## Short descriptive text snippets

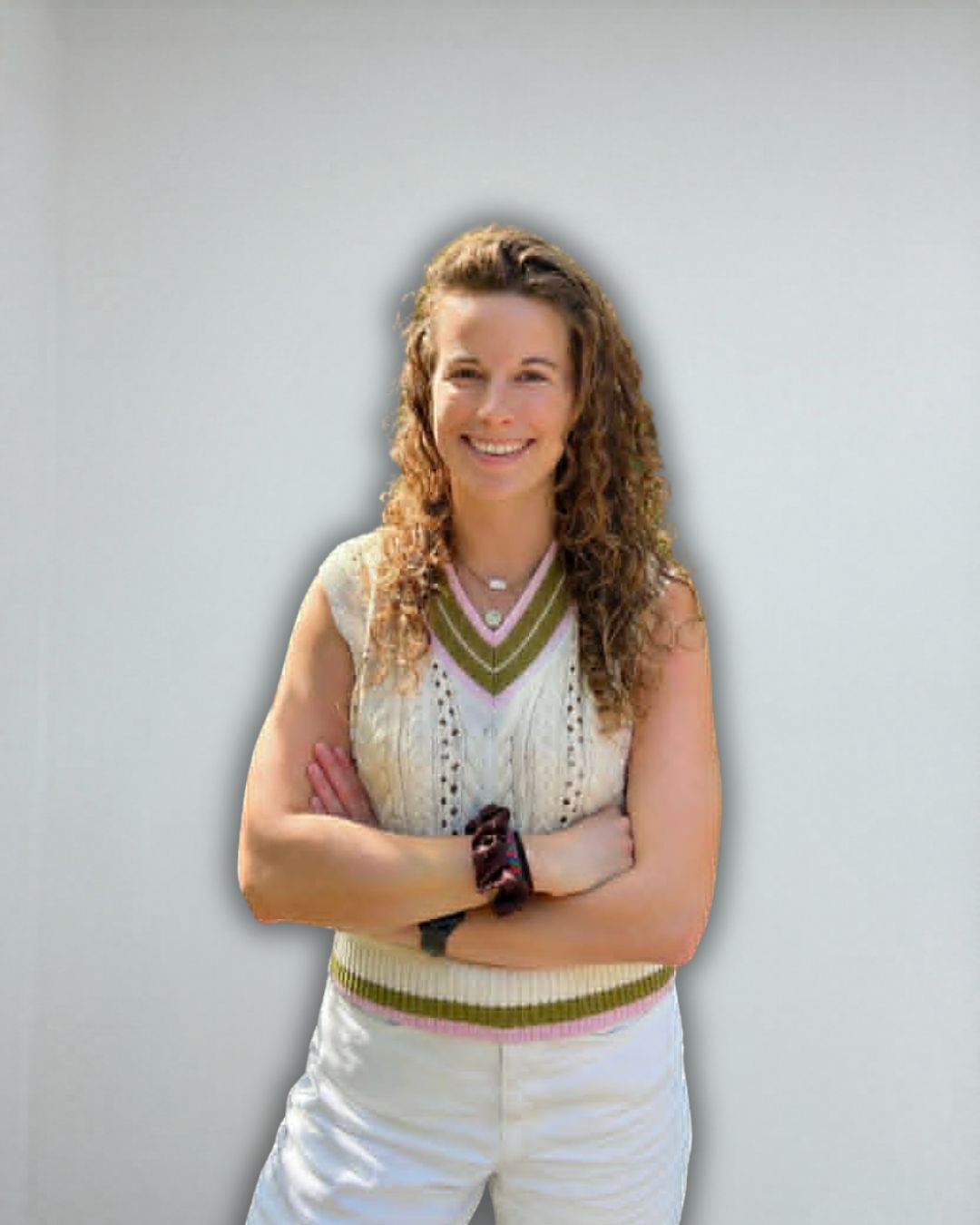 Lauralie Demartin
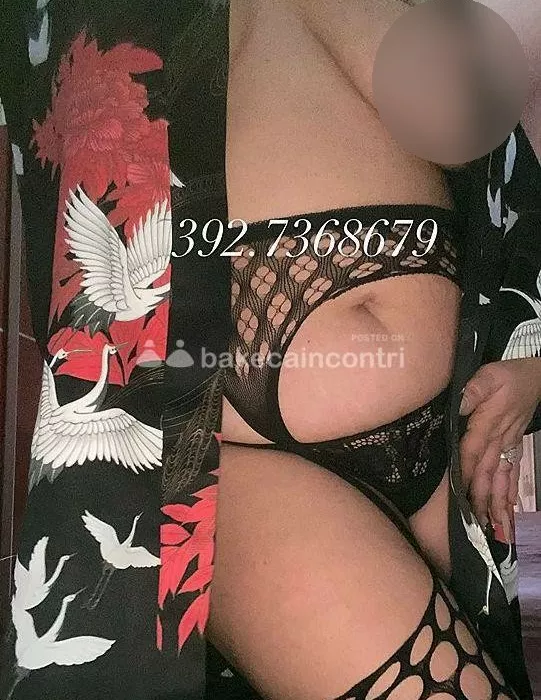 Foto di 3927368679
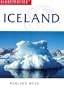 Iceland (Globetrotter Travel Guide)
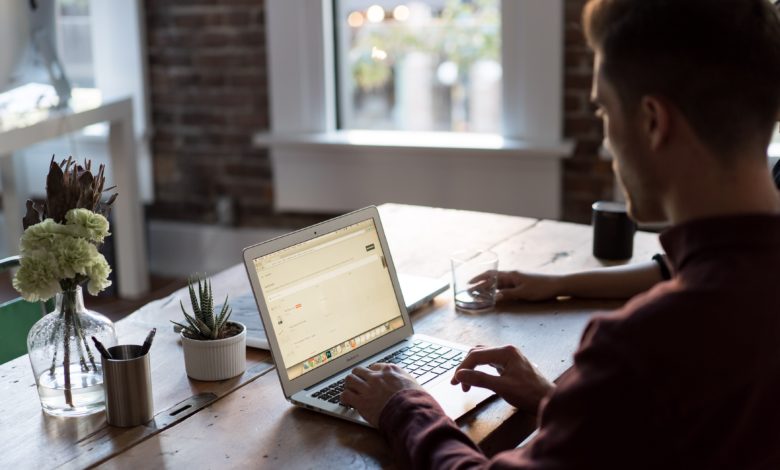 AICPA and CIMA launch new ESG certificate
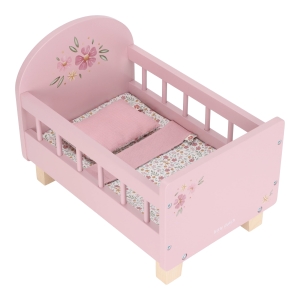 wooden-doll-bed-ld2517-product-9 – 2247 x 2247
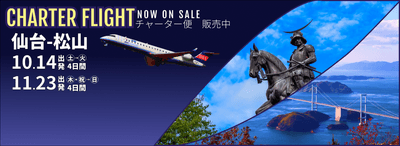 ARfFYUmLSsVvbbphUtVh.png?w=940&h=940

--

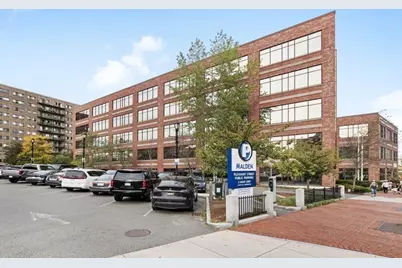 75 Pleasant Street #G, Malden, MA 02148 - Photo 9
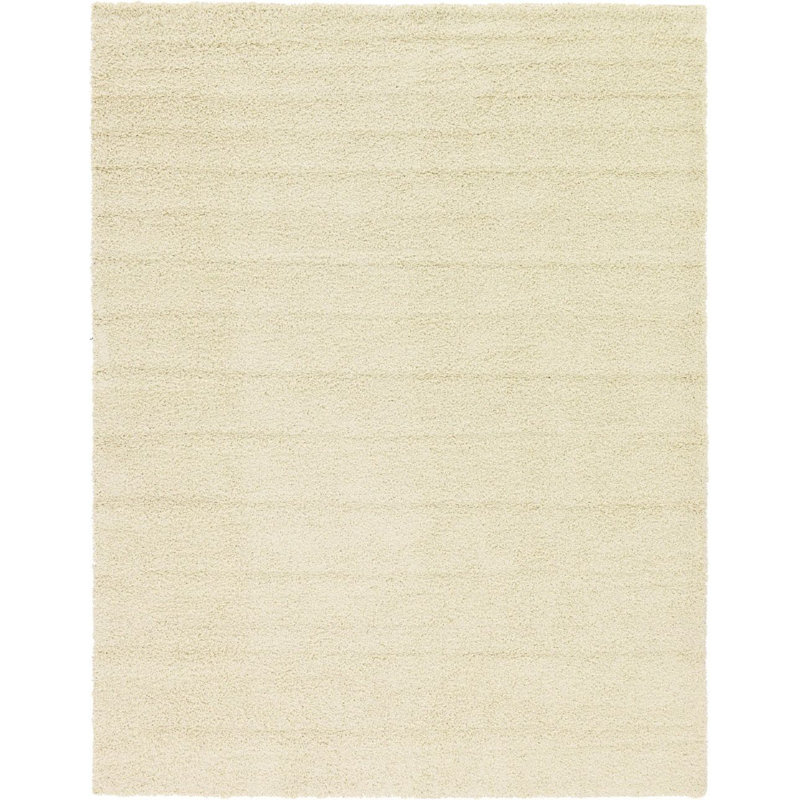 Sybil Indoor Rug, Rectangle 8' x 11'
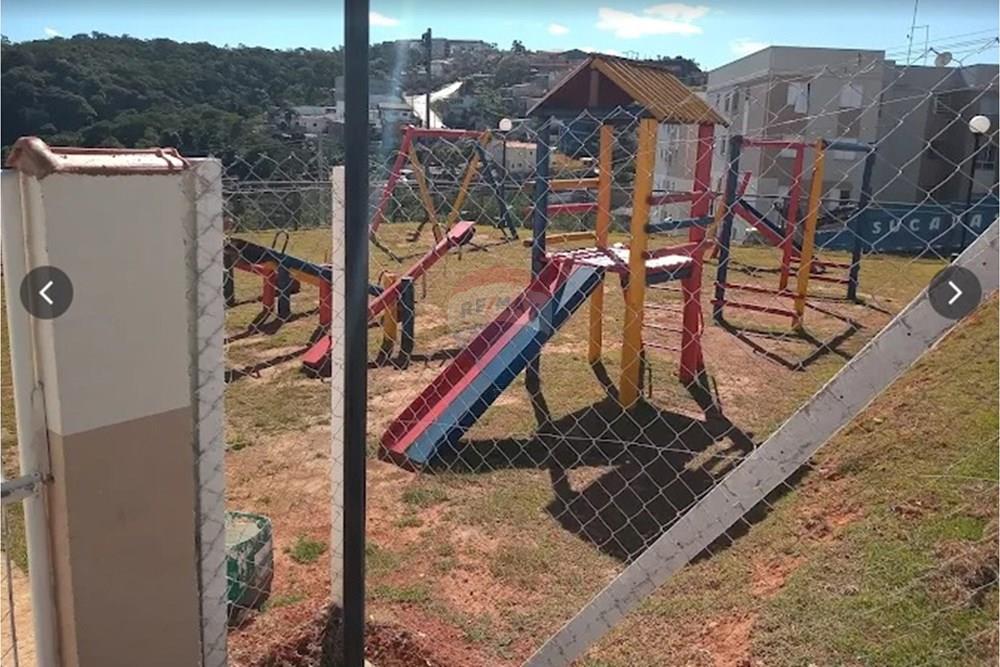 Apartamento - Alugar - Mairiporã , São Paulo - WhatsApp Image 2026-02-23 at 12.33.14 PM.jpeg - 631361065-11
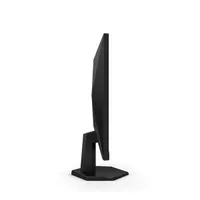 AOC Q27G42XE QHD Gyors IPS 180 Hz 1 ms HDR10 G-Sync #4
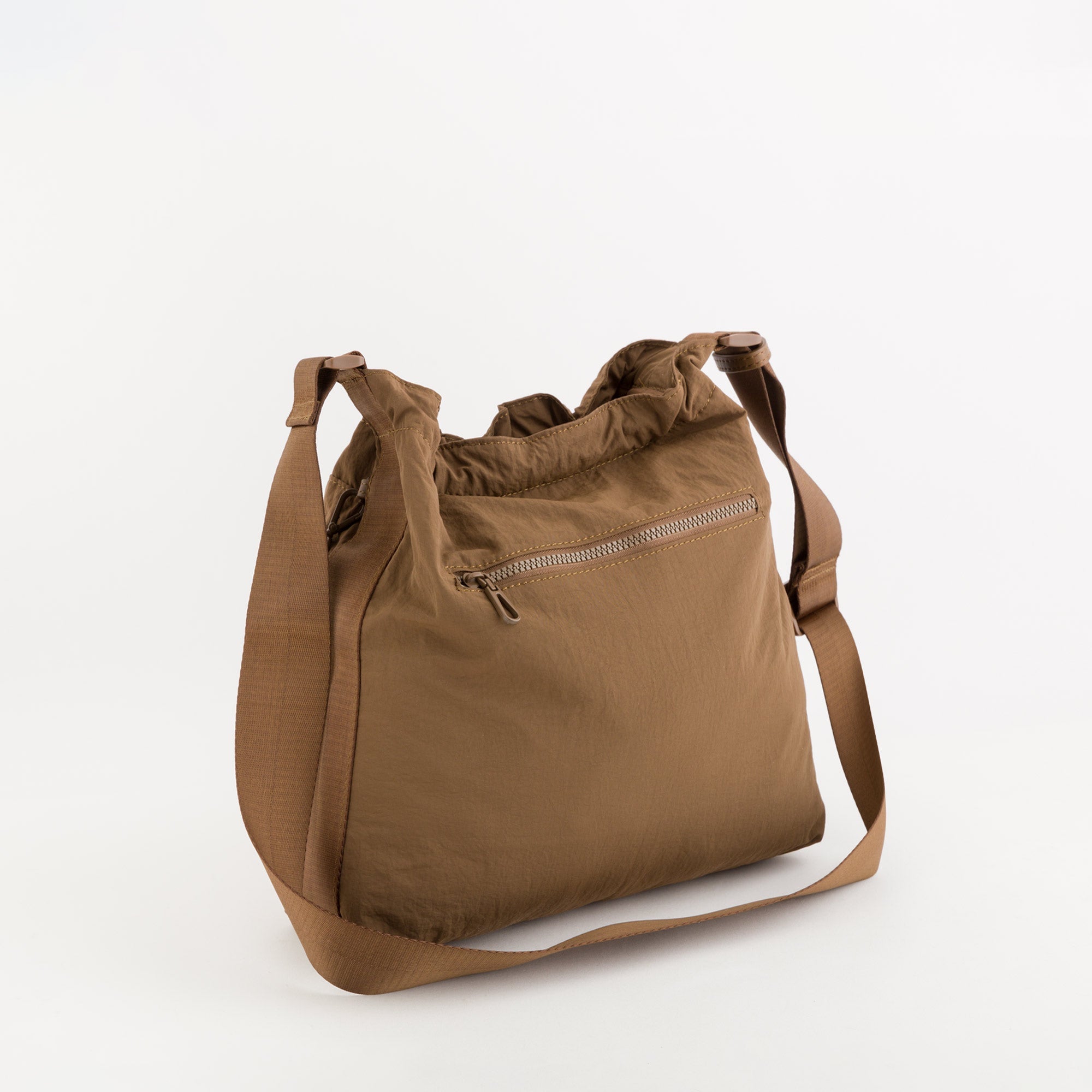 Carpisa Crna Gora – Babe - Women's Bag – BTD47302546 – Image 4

--

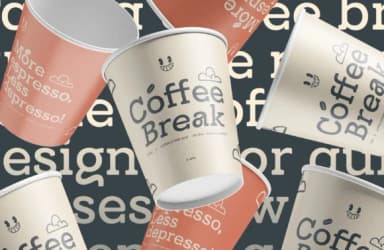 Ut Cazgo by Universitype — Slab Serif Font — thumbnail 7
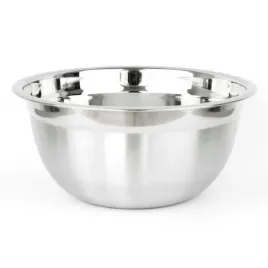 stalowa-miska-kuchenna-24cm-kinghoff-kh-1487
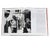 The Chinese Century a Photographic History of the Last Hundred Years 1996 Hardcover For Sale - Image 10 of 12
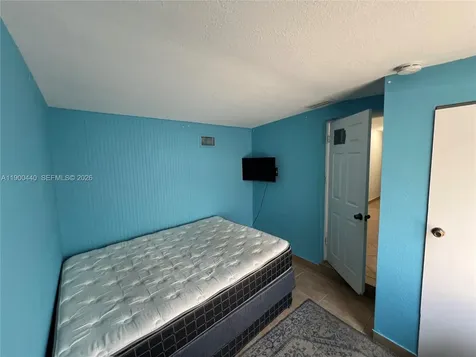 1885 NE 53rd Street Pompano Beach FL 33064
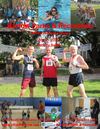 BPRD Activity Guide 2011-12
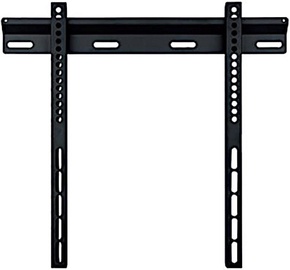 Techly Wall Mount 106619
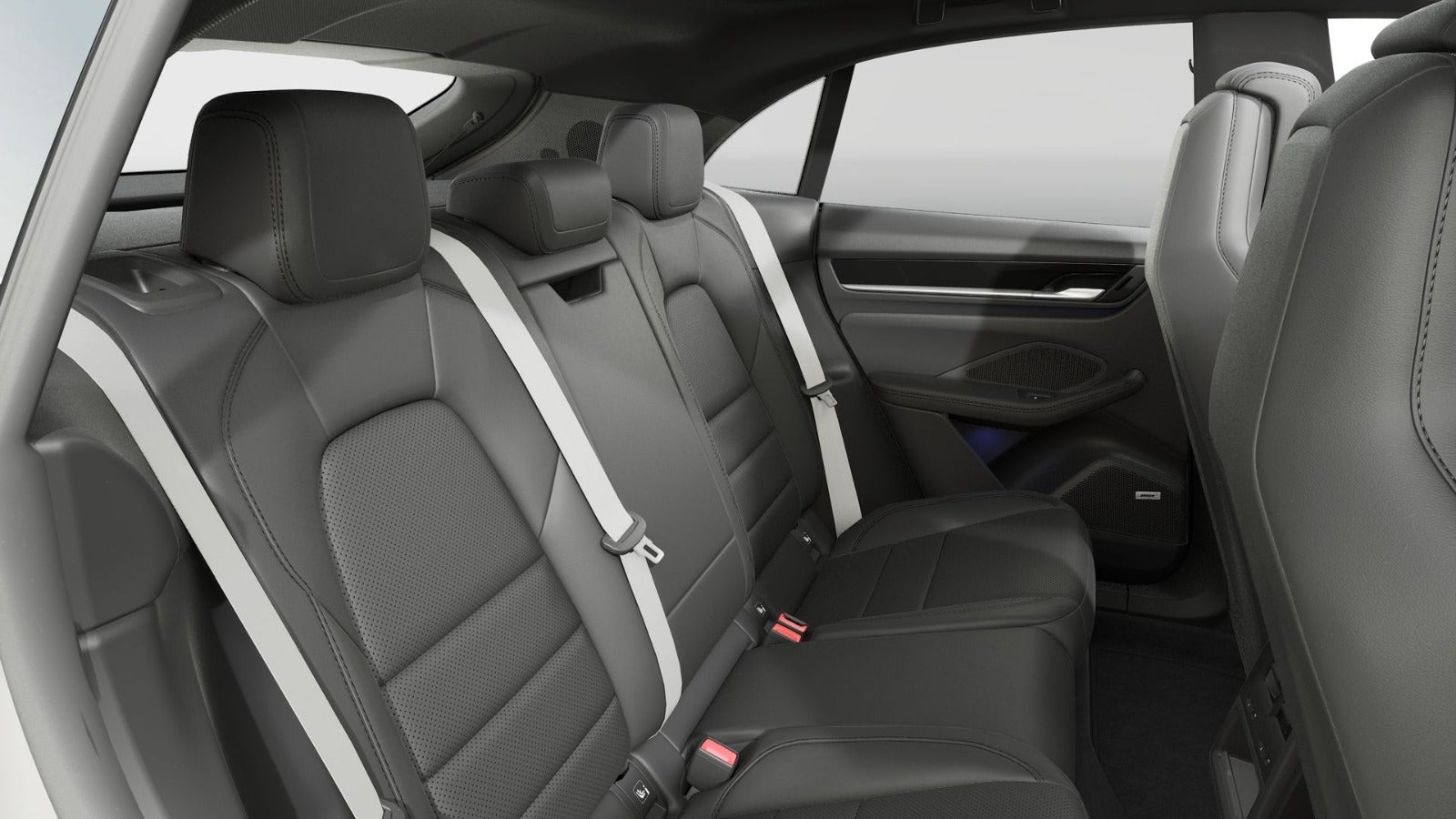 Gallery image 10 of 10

## EXERCISE GOAL
Your answer must be the exact lines from the records above, from the one containing "Lauralie Demartin" through the one containing "ARfFYUmLSsVvbbphUtVh.png?w=940&h=940", both included, with every picture left out.

## RESULT FOR THIS TASK
 Lauralie Demartin
 Foto di 3927368679
 Iceland (Globetrotter Travel Guide)
 AICPA and CIMA launch new ESG certificate
 wooden-doll-bed-ld2517-product-9 – 2247 x 2247
 ARfFYUmLSsVvbbphUtVh.png?w=940&h=940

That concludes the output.